IN THE CENTER of our thermonuclear fusion reactors, where plasmas are viewed from safe distances, we attempt to bring together hydrogen nuclei at high speeds and turn them into heavier helium nuclei. In so doing, we liberate energy that could supply society’s need for electricity. Problem is, we haven’t yet succeeded in getting more energy out than we put in. To achieve such high collision speeds, the blob of hydrogen atoms must be raised to tens of millions of degrees. No hope for attached electrons here. At these temperatures they’ve all been stripped from their hydrogen atoms and roam free. How might you hold a glowing blob of hydrogen plasma at millions of degrees? In what container would you place it? Even microwave-safe Tupperware will not do. What you need is a bottle that will not melt, vaporize, or decompose. As we saw briefly in Section 2, we can use the relationship between plasma and magnetic fields to our advantage and design a sort of “bottle” whose walls are intense magnetic fields that the plasma cannot cross. The economic return from a successful fusion reactor will rest in part on the design of this magnetic bottle and on our understanding of how the plasma interacts with it.

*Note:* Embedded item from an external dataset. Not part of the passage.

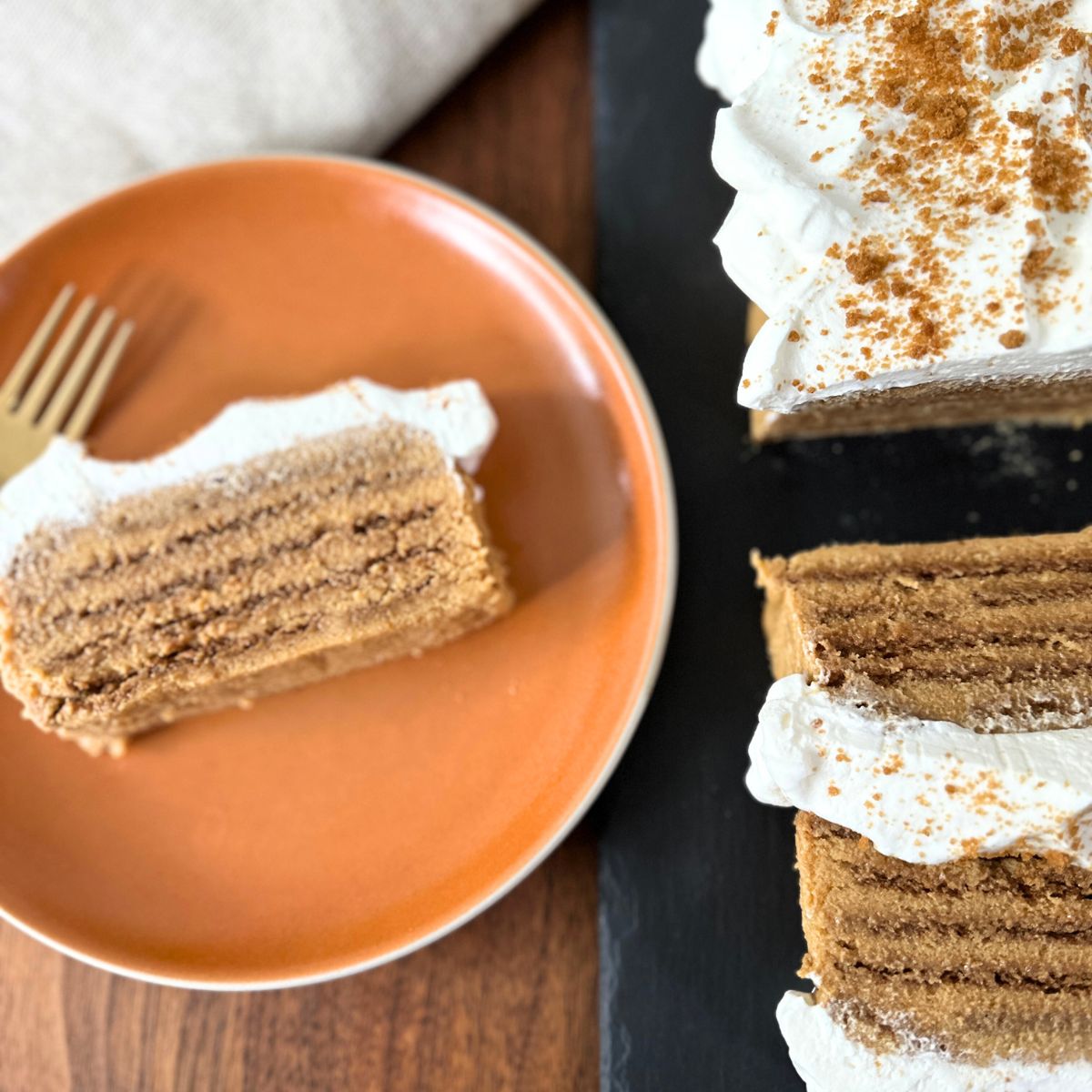 A slice of pumpkin icebox cake on an orange plate next to a larger partially sliced pumpkin icebox cake on a black serving platter.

Among the most exotic forms of matter ever concocted is the newly isolated quark-gluon plasma, created by physicists at the Brookhaven National Laboratories, a particle accelerator facility on New York’s Long Island. Rather than being filled with atoms stripped of their electrons, a quark-gluon plasma comprises a mixture of the most basic constituents of matter, the fractionally charged quarks and the gluons that normally hold them together to make protons and neutrons themselves. This unusual form of plasma resembles greatly the state of the entire universe, a fraction of a second after the big bang. This was about the time the observable universe could still fit within the 87-foot sphere of the Rose Center for Earth and Space. Indeed, in one form or another, every cubic inch of the universe was in a plasma state until nearly 400,000 years had elapsed.
Until then, the universe had cooled from trillions of degrees down to a few thousand. The whole time, all light was scattered left and right by the free electrons of our plasma-filled universe—a state that greatly resembles what happens to light as it passes through frosted glass or the Sun’s interior. Light can travel through neither without scattering, rendering them both translucent instead of transparent. Below a few thousand degrees, the universe cooled enough for every electron in the cosmos to combine with one atomic nuclei, creating complete atoms of hydrogen and helium.
The pervasive plasma state no longer existed as soon as every electron found a home. And that’s the way it would stay for hundreds of millions of years, at least until quasars were born, with their central black holes that dine on swirling gases. Just before the gas falls in, it releases ionizing ultraviolet light that travels across the universe, kicking electrons back out of their atoms with abandon. Until the quasars were born, the universe had enjoyed the only interval of time (before or since) where plasma was nowhere to be found. We call this era the Dark Ages and look upon it as a time when gravity was silently and invisibly assembling matter into plasma balls that became the first generation of stars.